Graph Operations in the Meantime

Unlocking hierarchical graph operations in pure Spark.

Published

October 21, 2023

Why “the Meantime”?

Graph databases naturally represent hierarchical data, complex relationships, and arbitrary attributes (e.g. key-value pairs). Are they the best option for datasets heavy with these features? Yes, as far as the data model goes. But, there are other considerations:

  • Upfront costs
  • Operational costs
  • Integration with existing relational databases
  • Analyst and user familiarity and training

Although graph databases are often the better technology, relational databases have the home team advantage. In many enterprises, the value of graph databases can’t cover the immediate switching costs.

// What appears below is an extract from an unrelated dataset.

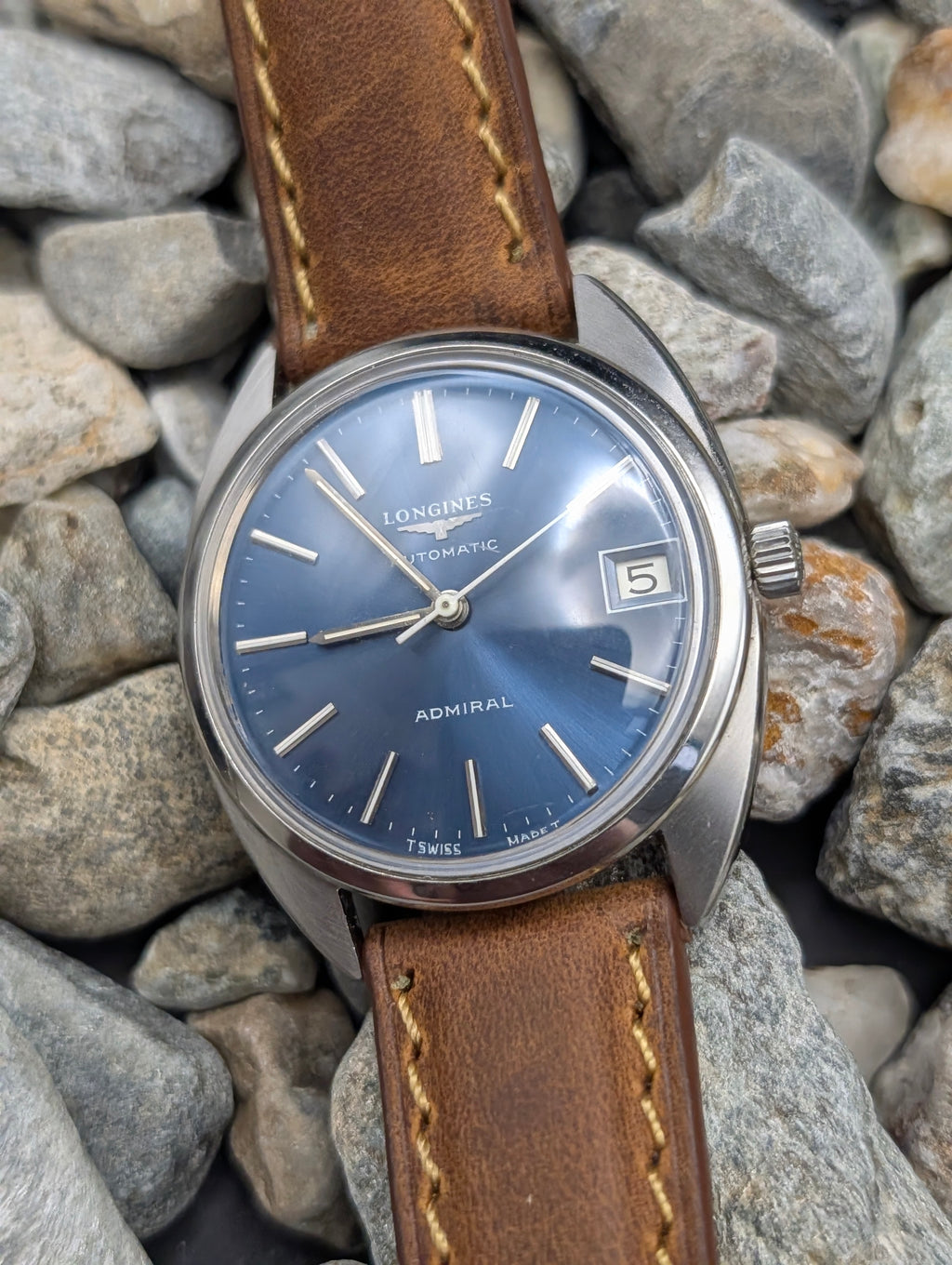 1970s Longines Admiral Swiss-Made Automatic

This creates the situation where graph-like data is shoehorned into relational databases. Migrating datasets to graph databases may be the ideal, but in the meantime…

Some tools, like NetworkX and GraphFrames, provide methods to construct graph abstractions from DataFrames. (See nx.from_pandas_edgelist and Creating GraphFrames.) This allows graph operations on top of familiar tabular structures. These solutions won’t outperform a true graph database, but they’re a reasonable stopgap. If you need algorithms like betweeness to identify supply chain risk or node similarity to resolve entities, these tools are great options.

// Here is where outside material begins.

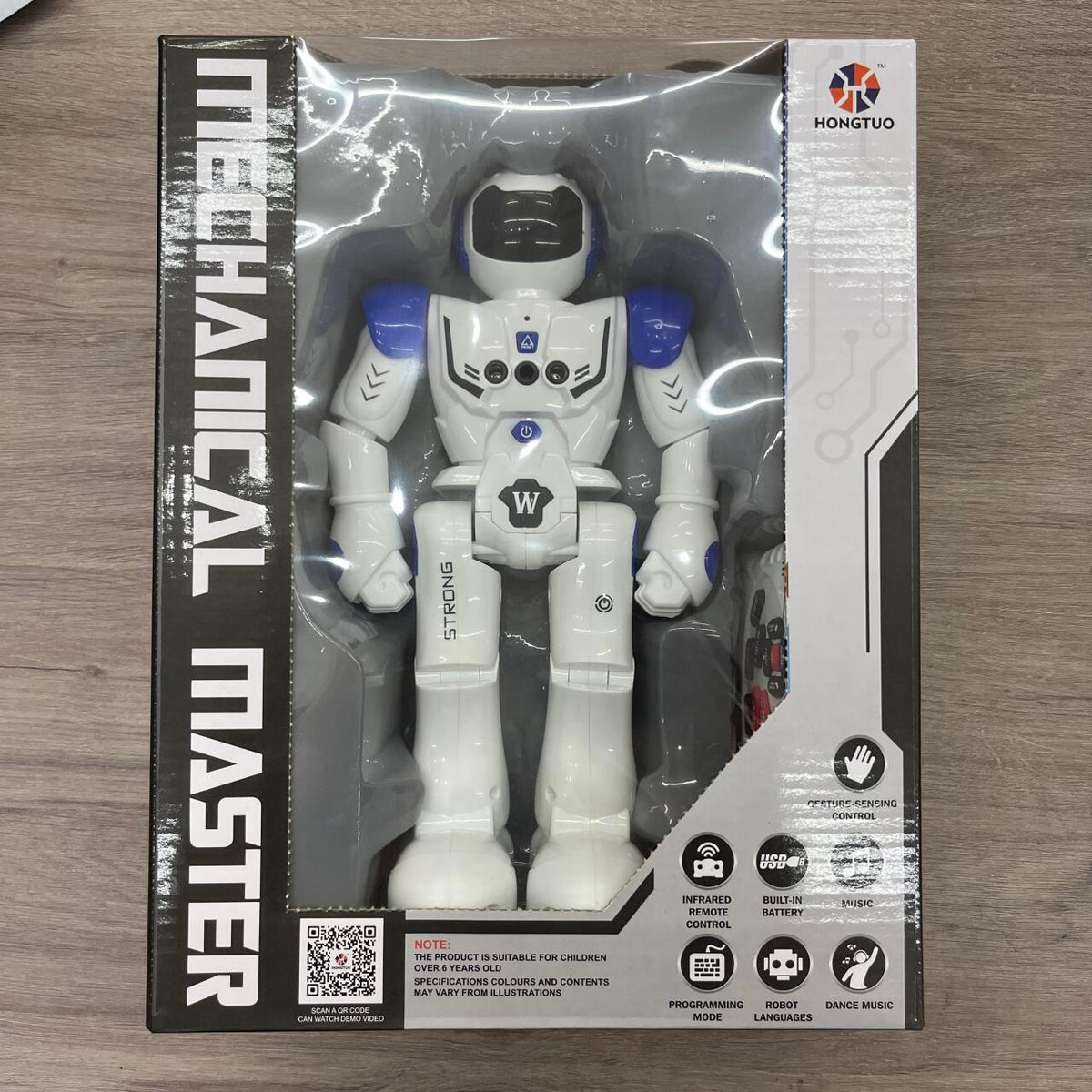 Robot Strong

On the other hand, your application may not need the horsepower these tools provide. If you’re running a lean deployment, it may hard to justify the additional dependency. Below, we’ll write a descendants method to demonstrate how basic graph operations can be implemented in pure PySpark.

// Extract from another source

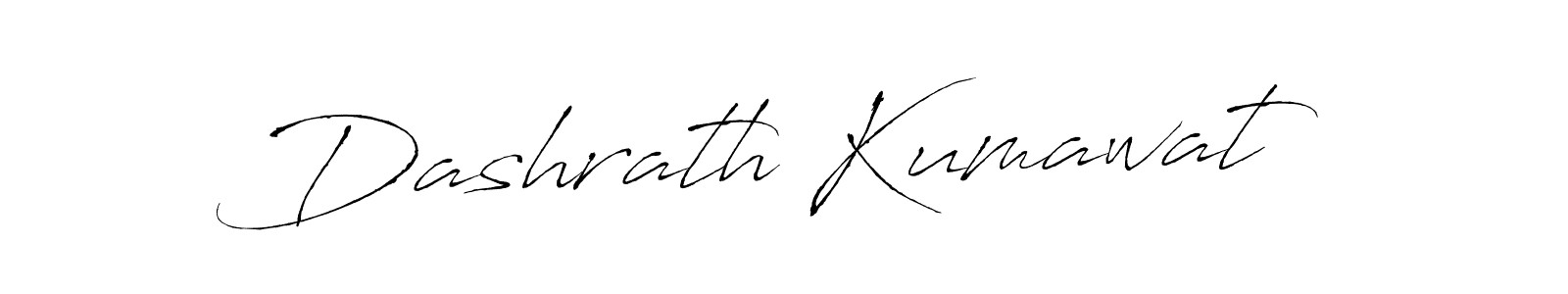 The best way (Antro_Vectra) to make a short signature is to pick only two or three words in your name. The name Dashrath Kumawat include a total of six letters. For converting this name. Dashrath Kumawat signature style 6 images and pictures png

Employee / Manager Hierarchy

Arbitrarily nested hierarchical data, like org structures or bills-of-materials, are commonly stored in relational databases. For example:

                                                                                
employee_id sales_total manager_employee_id
1 253 NULL
2 308 1
3 92 1
4 20 2
5 148 4
6 377 1
7 87 2

Visually:

The goal is to the crawl this hierarchy to produce a list of all descendants of each node. Descendants of node 4 should be [5], of node 2 should be [4, 5, 7], and so on. The full target output is:

employee_id sales_total manager_employee_id descendants
1 253 NULL [2, 3, 4, 5, 6, 7]
2 308 1 [4, 5, 7]
3 92 1 []
4 20 2 [5]
5 148 4 []
6 377 1 []
7 87 2 []

Implementation

Ad-hoc

To get a list of all descendants, we’ll first start with a list of descendants in the immediate next generation.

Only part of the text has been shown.